Midraş’a göre güneş sabahları doğmak istemez çünkü putperestlerin kendisine tapmasından korkar. “Dünyayı aydınlatmaya ve Tanrı’ya saygısızlık edilmesine neden olmaya nasıl cüret ederim?” der. Ancak Tanrı’nın İradesi, okları ve mızrağının etkisiyle görevini yerine getirir. Ve güneş, ayı, ışığı ile cömertçe aydınlatır ki bu çıplak gökcismi de, gecelerimizi aydınlatabilsin.
Ay – “Ayı, bayramları belirlemek için yaptı. Güneş kendi hedefini bilir” (Teilim 104:19).
Gökyüzüne bakan sıradan kişi, ayın çeşitli evrelerini görür. Derinlemesine düşünen kişi, neden böyle olduğu üzerinde kafa yorar. Mezmurcu ise, bize sebebini söyler: Tanrı, ayı bize zamanı göstermesi, takvimimize esas teşkil etmesi ve bayramlarımızı belirlemesi için verdi.
Ay, yenilenmeyi temsil eder. Ne tarih, ne de insan zihni yerinde sayar. Kişi ve ulusların talihi ve ruhani durumu sarsılmış gibi görünse de, eninde sonunda kendilerini hep yenilerler. Güneş, ayı aydınlatmak suretiyle, aynı görevi yerine getirir.
Yıldızlar – “Bir Tek Sen Tanrı’sın. Gökleri ve göklerin göğünü ve onların ordularını, yeryüzünü ve üzerindeki her şeyi, denizleri ve içindekileri Sen yarattın. Ve Sen her şeye hayat veriyorsun ve gökyüzündeki ordular Senin önünde eğiliyor” (Nehemya 9:6).
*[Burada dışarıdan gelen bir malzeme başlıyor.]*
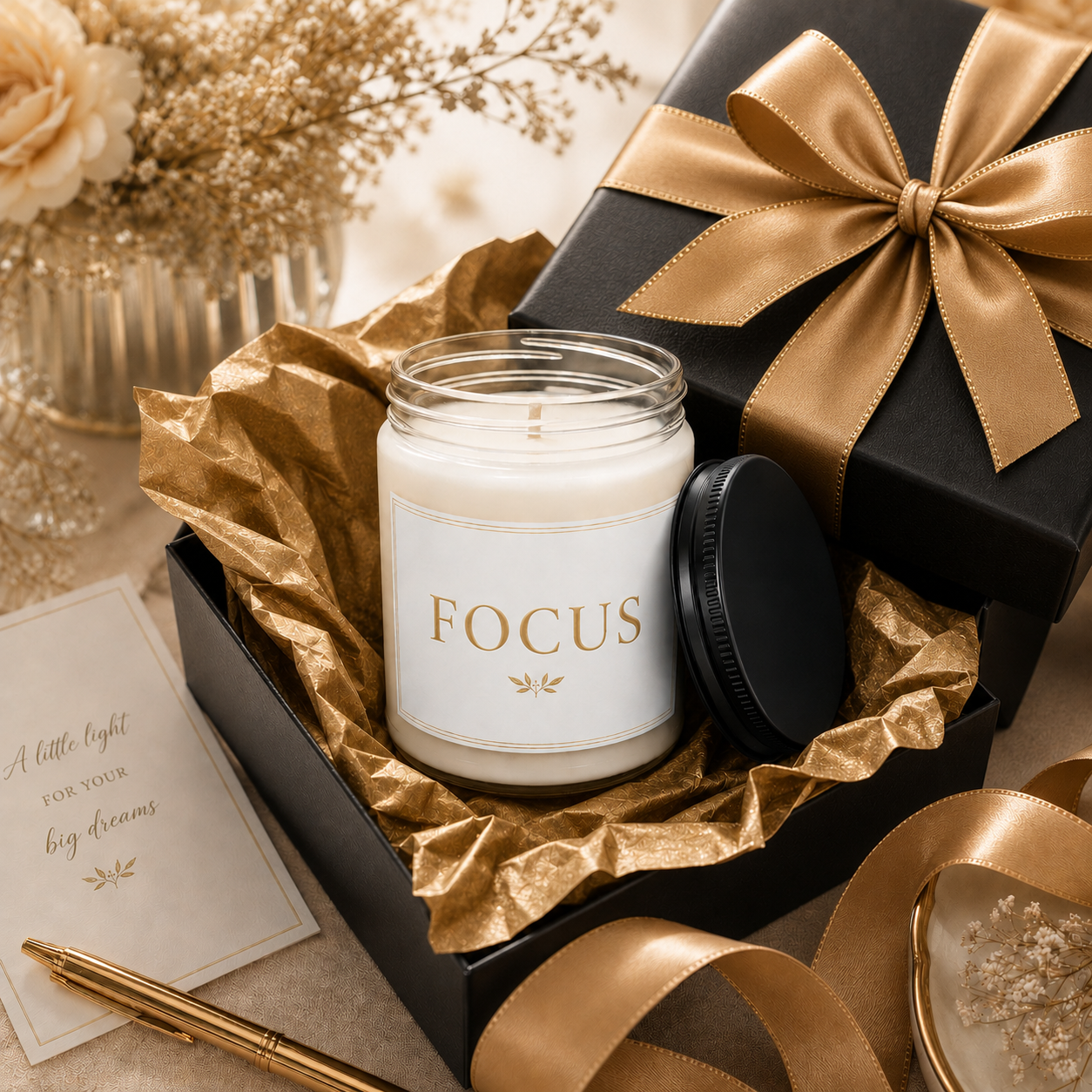 Focus Minimalist Soy Candle, 9oz, Scented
Bu dize Yahudi halkı tarafından İkinci Bet Amikdaş döneminde, büyük bir ulusal pişmanlık gösterisini takiben söylemişti. Tanrı’nın, evrendeki her bir unsura karşı sonsuz iyiliğini, sonsuz büyüklüğünü ve hâkimiyetini beyan eder.
Yaratılış, Nehemya ve çağdaşlarının hayal edebileceğinin çok ötesindedir. Günümüzde bile her gün yeni yıldız, gezegen ve galaksiler keşfediliyor. Evren sürekli genişliyor ve Efendi’si karşısında eğiliyor.
Yoğun bulutlar – “Karanlıkları Kendine gizlenecek yer yaptı, karanlık sular ve kesif bulutlardan yaptığı barınağına Kendini sardı” (Teilim 18:12).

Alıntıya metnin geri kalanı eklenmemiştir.